> [Data section]
▼▼▼

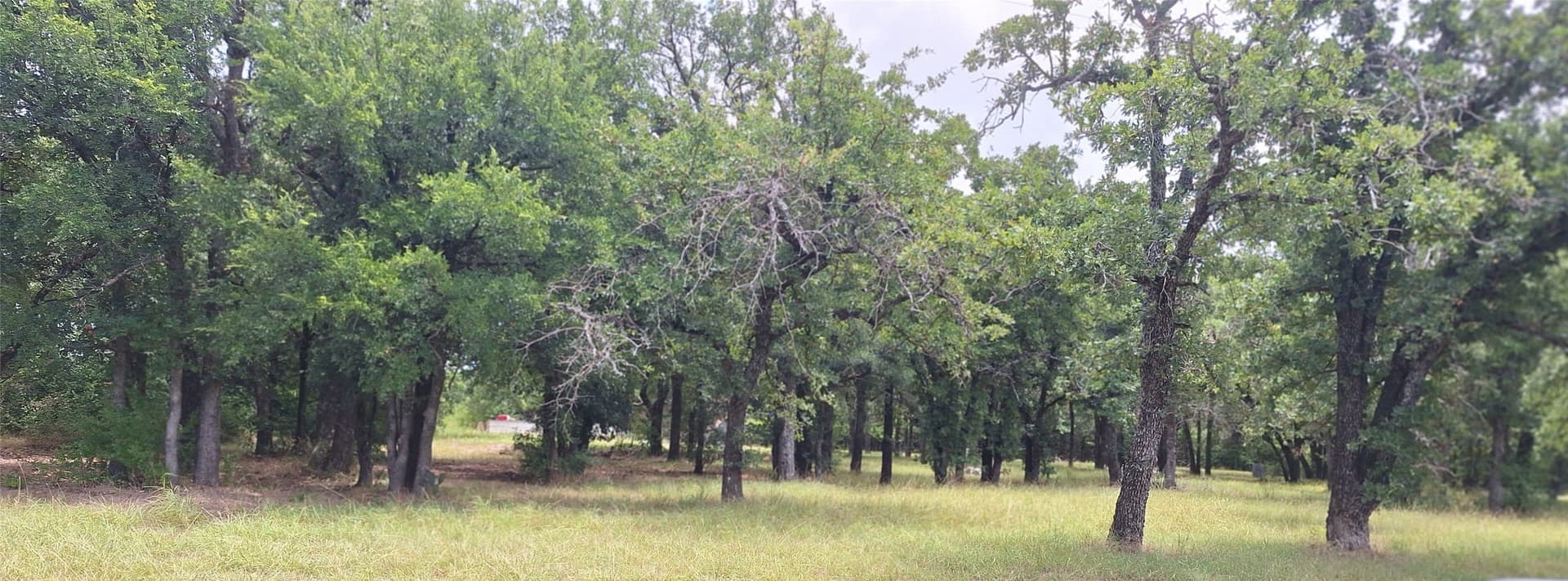2 acres in Eastland County gallery image 2
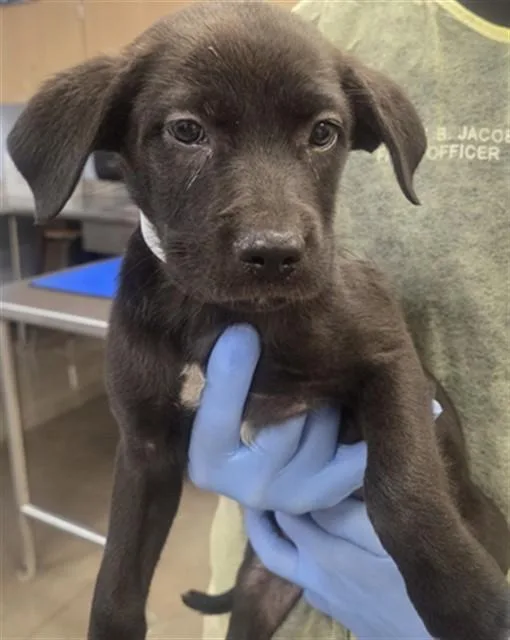 A baby small-sized female Labrador Retriever dog named Fish Finger for adoption in Phoenix, AZ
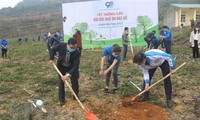 La Unión de Jóvenes Comunistas Ho Chi Minh lanza el Mes de Juventud y Tet de plantación 2021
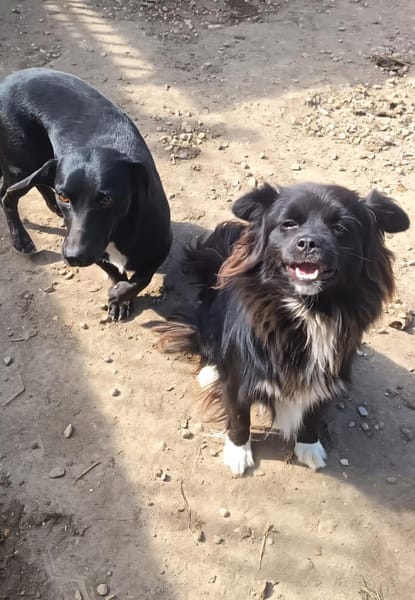 Doris möchte ihre Koffer packen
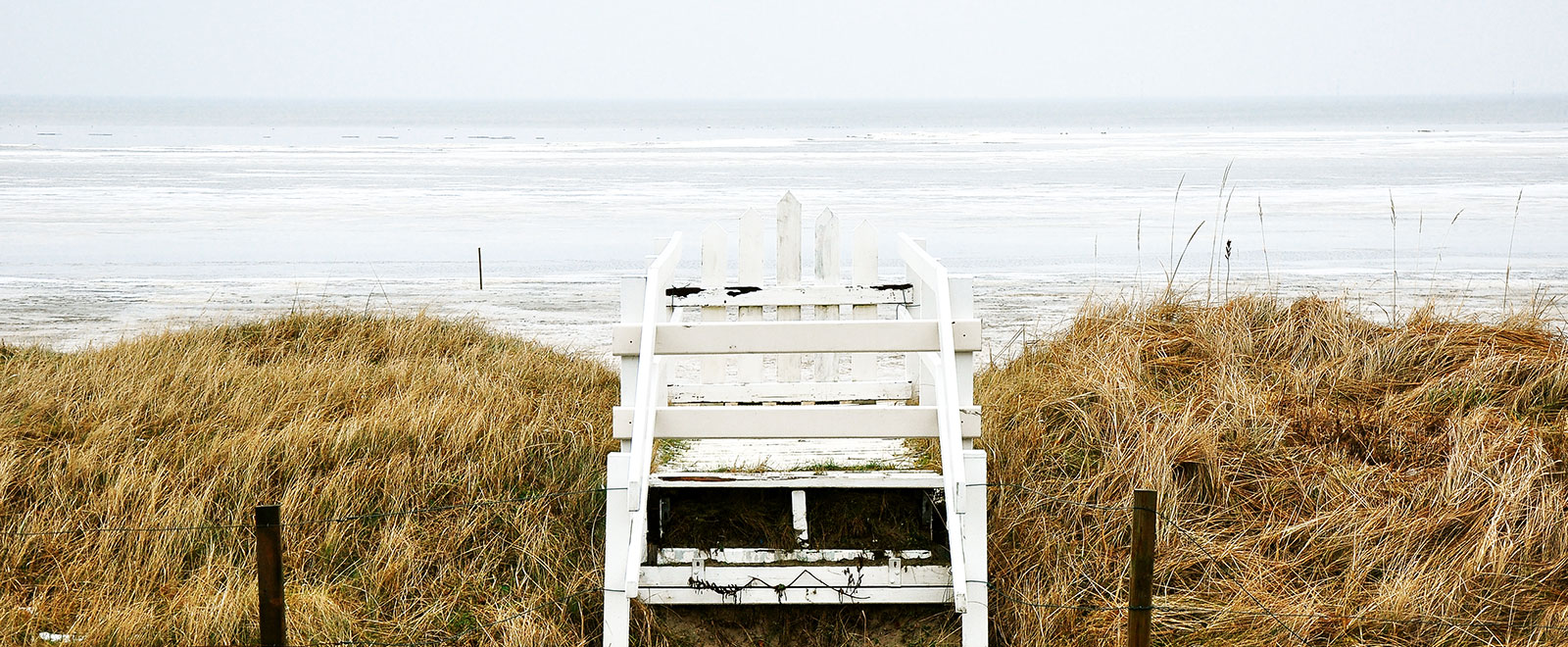 云呼死你网页版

▲▲▲

> [Exercise requirements]
Go through the entries and retype them exactly, except for the images.

> [Exercise solution]
2 acres in Eastland County gallery image 2
 A baby small-sized female Labrador Retriever dog named Fish Finger for adoption in Phoenix, AZ
 La Unión de Jóvenes Comunistas Ho Chi Minh lanza el Mes de Juventud y Tet de plantación 2021
 Doris möchte ihre Koffer packen
 云呼死你网页版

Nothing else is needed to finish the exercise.